Don't know where the picture is from, though: found it on my harddrive during a cleanup operation.


----------



## Guest (Dec 17, 2004)

That is an awesome looking rhom.


----------



## 4cmob (Nov 21, 2004)

"ooh2.gif That is an awesome looking rhom. bowdown.gif"

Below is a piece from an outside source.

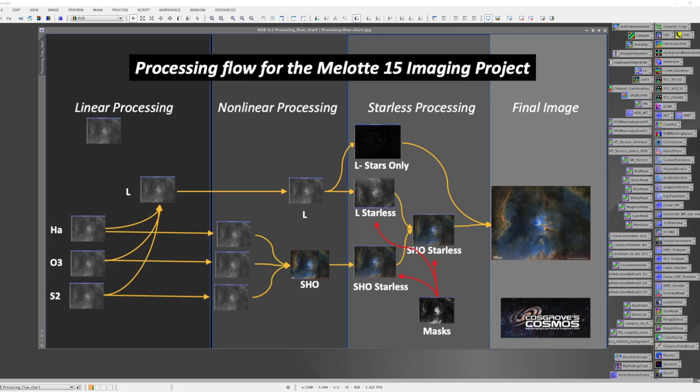The one I'm going to cover here is for narrowband imaging, and this happens to be a chart which tries to summarize that high-level view. It happens to have come from my Molot 15 imaging project, but it's a method that I use quite a bit.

to say the least, how big you think that is?


----------



## TroyAjack (Nov 16, 2004)

That picture really makes me want to get a rhom and let it grow REALLY BIG


----------



## rbp 4 135 (Mar 2, 2004)

looks to be around 15-16 inches


----------



## Grosse Gurke (Jan 3, 2003)

The Pleco is about 8" and the smelt he is eating is about 6-7"


----------



## Fido (May 21, 2003)

Damn im surprised that pleco is alive...


----------



## Death in #'s (Apr 29, 2003)

Filo said:


> Damn im surprised that pleco is alive...
> [snapback]801730[/snapback]​


gg also had alot of other fish in there that i think he left alone


----------



## BraveHeart007 (May 19, 2004)

Here is a the biggest Rohm ive seen.
Its about 20"+ Each of those tiles is 8"


----------



## Death in #'s (Apr 29, 2003)

BraveHeart007 said:


> Here is a the biggest Rohm ive seen.
> Its about 20"+ Each of those tiles is 8"
> 
> 
> ...










holy sh*t who had those monsters


----------



## o snap its eric (Feb 19, 2003)

whoa!


----------



## saminoski (Jun 3, 2004)

wow some fukin huge roms


----------



## MR.FREEZ (Jan 26, 2004)

heres one of the bigger ones i have seen from DonH's gallery


----------



## The_Spoot (Nov 15, 2004)

I want a rhooooooooom.


----------



## ReDraGon-> (May 24, 2004)

heres a pic of a HUGE RHOM

Its from RHOMZILLA


----------



## K fizzly (Aug 27, 2004)

how big is that?


----------



## SERRASOMETHING (Jun 29, 2004)

here is the biggest one I have owened:
17"(ash)

























rw


----------



## Fido (May 21, 2003)

wow massiveness


----------



## BraveHeart007 (May 19, 2004)

Death in # said:


> holy sh*t who had those monsters
> [snapback]801780[/snapback]​


It was a supplier in South America who had these

The big daddy died in shipping


----------



## killfishygo (Jan 13, 2004)

god damn those are huge


----------



## JAC (Jan 19, 2004)

Holy crap, awesome rhoms







, specially the 20"+ braveheart posted.


----------



## o snap its eric (Feb 19, 2003)

I was going to post my pics of my two 12" "monsters" but im ashamed to put it on this thread.


----------



## 4cmob (Nov 21, 2004)

o snap its eric said:


> I was going to post my pics of my two 12" "monsters" but im ashamed to put it on this thread.
> 
> 
> 
> ...


no need to be ashamed, 12"rhom is still a badass fish.


----------



## SpAzZy (Mar 30, 2004)

man.. i want a rhom that big.. hopefully my 4-5"er will grow to be that big.. i'm gonna keep him forever probably.. unless i trade him in for a bigger one down the line..


----------



## apex (Feb 15, 2004)

yikes! big fishy!


----------



## Mafioso (Aug 4, 2004)

Impressive specimens i want 1 that big christ awesome.


----------



## fliptasciouz (Jul 4, 2004)

wow if i have one of those 20 inchers i'll feed him cats and pigeons


----------



## illnino (Mar 6, 2004)

why is that 20" rhomn in a bathbub along with 3 others??


----------



## Young Gotti (Jan 29, 2003)

> why is that 20" rhomn in a bathbub along with 3 others??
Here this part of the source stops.